7.4 KiB
7.4 KiB
System Architecture Overview
This document is the single source of truth for the platform’s architecture, protocols, data flows, and operational details. It supersedes previous scattered docs.
Contents
- Components & Topology
- Decentralized Layer (Membership, Replication, Metrics)
- Upload/Conversion Pipeline
- Content View & Purchase Flow
- API Surface (selected endpoints)
- Data Keys & Schemas
- Configuration & Defaults
- Observability & Metrics
- Sequence Diagrams (Mermaid)
Components & Topology
- Backend API: Sanic-based service (Telegram bots embedded) with PostgreSQL (SQLAlchemy + Alembic).
- Storage: Local FS for uploaded/derived data; IPFS used for discovery/pinning; tusd for resumable uploads.
- Converter workers: Dockerized ffmpeg pipeline (convert_v3, convert_process) driven by background tasks.
- Frontend: Vite + TypeScript client served via nginx container.
- Decentralized overlay (in-process DHT): Membership, replication lease management, windowed content metrics.
flowchart LR
Client -- TWA/HTTP --> Frontend
Frontend -- REST --> API[Backend API]
API -- tus hooks --> tusd
API -- SQL --> Postgres
API -- IPC --> Workers[Converter Workers]
API -- IPFS --> IPFS
API -- DHT --> DHT[(In-Process DHT)]
DHT -- CRDT Merge --> DHT
Decentralized Layer
Identity & Versions
- NodeID = blake3(Ed25519 public key), ContentID = blake3(encrypted_blob)
- schema_version = v1 embedded into DHT keys/records.
Membership
- Signed
/api/v1/network.handshakewith Ed25519; includes:- Node info, capabilities, metrics, IPFS metadata.
- reachability_receipts: (issuer, target, ASN, timestamp, signature).
- State: LWW-Set for members + receipts, HyperLogLog for population estimate.
- Island filtering: nodes with
reachability_ratio < qare excluded (k=5,q=0.6, TTL=600s). - N_estimate:
max(valid N_local reports)across sufficiently reachable peers.
Replication & Leases
- Compute prefix
p = max(0, round(log2(N_estimate / R_target)))withR_target ≥ 3. - Responsible nodes: first
pbits of NodeID equal firstpbits of ContentID. - Leader = min NodeID among responsible.
- Leader maintains
replica_leaseswith TTL=600s and diversity: ≥3 IP first octets and ≥3 ASN if available. - Rendezvous ranking: blake3(ContentID || NodeID) for candidate selection.
- Heartbeat interval 60s, miss threshold 3 → failover within ≤180s.
Metrics (Windowed CRDT)
- On view: PN-Counter for views; HyperLogLog for uniques (ViewID = blake3(ContentID || device_salt)); G-Counter for watch_time, bytes_out, completions.
- Keys are windowed by hour; commutative merges ensure deterministic convergence.
stateDiagram-v2
[*] --> Discover
Discover: Handshake + receipts
Discover --> Active: k ASN receipts & TTL ok
Active --> Leader: Content prefix p elects min NodeID
Leader --> Leased: Assign replica_leases (diversity)
Leased --> Monitoring: Heartbeats every 60s
Monitoring --> Reassign: Missed 3 intervals
Reassign --> Leased
Upload & Conversion Pipeline
- Client uploads via
tusd(resumable).

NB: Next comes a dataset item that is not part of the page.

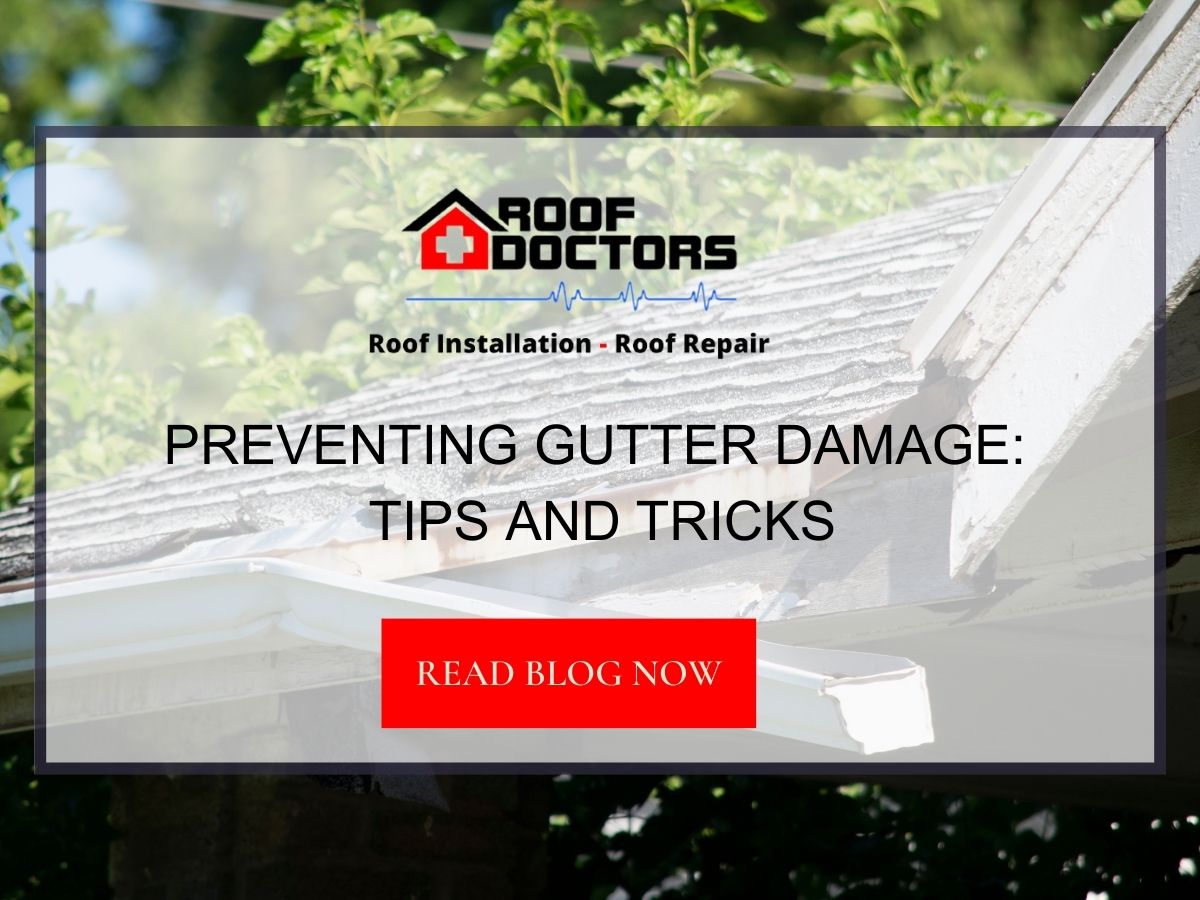 Front image of a blog titled "Preventing gutter damage: Tips and Tricks " with a damaged gutters on asphalt shingle roof as the background and the title displayed in serif typography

Backend receives hooks (/api/v1/upload.tus-hook). - Encrypted content is registered; converter workers derive preview/low/high (for media) or original (for binaries).

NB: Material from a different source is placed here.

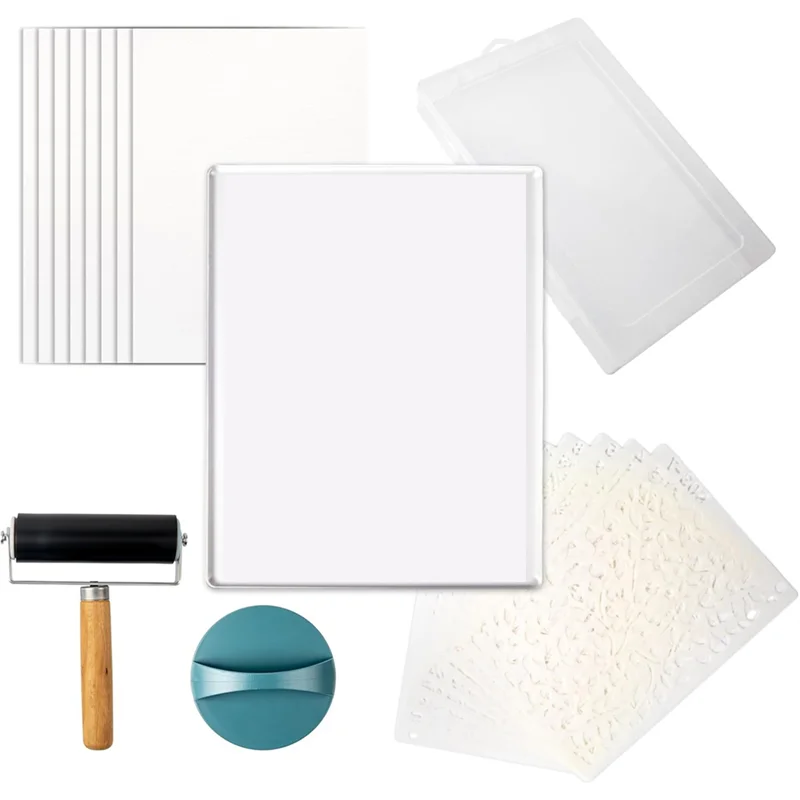 

Gel Printing Plate Kit With 8" By 10" Reusable Plate, Stencil Set, For Art Printing Paper For Art Monoprinting Card Making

- Derivative metadata stored in DB and surfaced via
/api/v1/content.view.
sequenceDiagram
participant C as Client
participant T as tusd
participant B as Backend
participant W as Workers
participant DB as PostgreSQL
C->>T: upload chunks
T->>B: hooks (pre/post-finish)
B->>DB: create content record
B->>W: enqueue conversion
W->>DB: store derivatives
C->>B: GET /content.view
B->>DB: resolve latest derivatives
B-->>C: display_options + status
Content View & Purchase Flow
/api/v1/content.view/<content_address>resolves content and derivatives:- For binary content without previews: present original only when licensed.
- For audio/video: use preview/low for unauth; decrypted_low/high for licensed users.

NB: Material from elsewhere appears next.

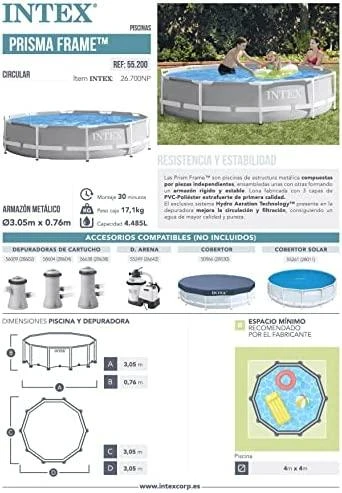Intex Prism Frame Premium Pool Pilkas, 305x76 cm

- Frontend shows processing state when derivatives are pending.
- Purchase options (TON/Stars) remain in a single row (UI constraint).
- Cover art layout: fixed square slot; image fits without stretching; background follows page color, not black.
flowchart LR
View[content.view] --> Resolve[Resolve encrypted/decrypted rows]
Resolve --> Derivations{Derivatives ready?}
Derivations -- No --> Status[processing/pending]
Derivations -- Yes --> Options
Options -- Binary + No License --> Original hidden
Options -- Media + No License --> Preview/Low
Options -- Licensed --> Decrypted Low/High or Original
Selected APIs
GET /api/system.version– liveness/protocol version.POST /api/v1/network.handshake– signed membership exchange.GET /api/v1/content.view/<content_address>– resolves display options, status, and downloadability.GET /api/v1.5/storage/<file_hash>– static file access.POST /api/v1/storage– legacy upload endpoint.
Data Keys & Schemas
- MetaKey(content_id): tracks
replica_leases,leader,conflict_log,revision. - MembershipKey(node_id): LWW-Set of members & receipts, HyperLogLog population, N_reports.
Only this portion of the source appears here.